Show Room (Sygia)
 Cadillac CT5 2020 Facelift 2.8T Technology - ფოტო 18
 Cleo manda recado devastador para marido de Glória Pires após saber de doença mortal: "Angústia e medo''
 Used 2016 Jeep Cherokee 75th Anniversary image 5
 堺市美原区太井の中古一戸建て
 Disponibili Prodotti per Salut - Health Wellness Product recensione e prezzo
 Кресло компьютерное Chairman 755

## [What needs to be done]
Only the lines from the one containing "Cadillac CT5 2020" through the end of the entries above should be written out, exactly and in full.

## [Answer for the task]
 Cadillac CT5 2020 Facelift 2.8T Technology - ფოტო 18
 Cleo manda recado devastador para marido de Glória Pires após saber de doença mortal: "Angústia e medo''
 Used 2016 Jeep Cherokee 75th Anniversary image 5
 堺市美原区太井の中古一戸建て
 Disponibili Prodotti per Salut - Health Wellness Product recensione e prezzo
 Кресло компьютерное Chairman 755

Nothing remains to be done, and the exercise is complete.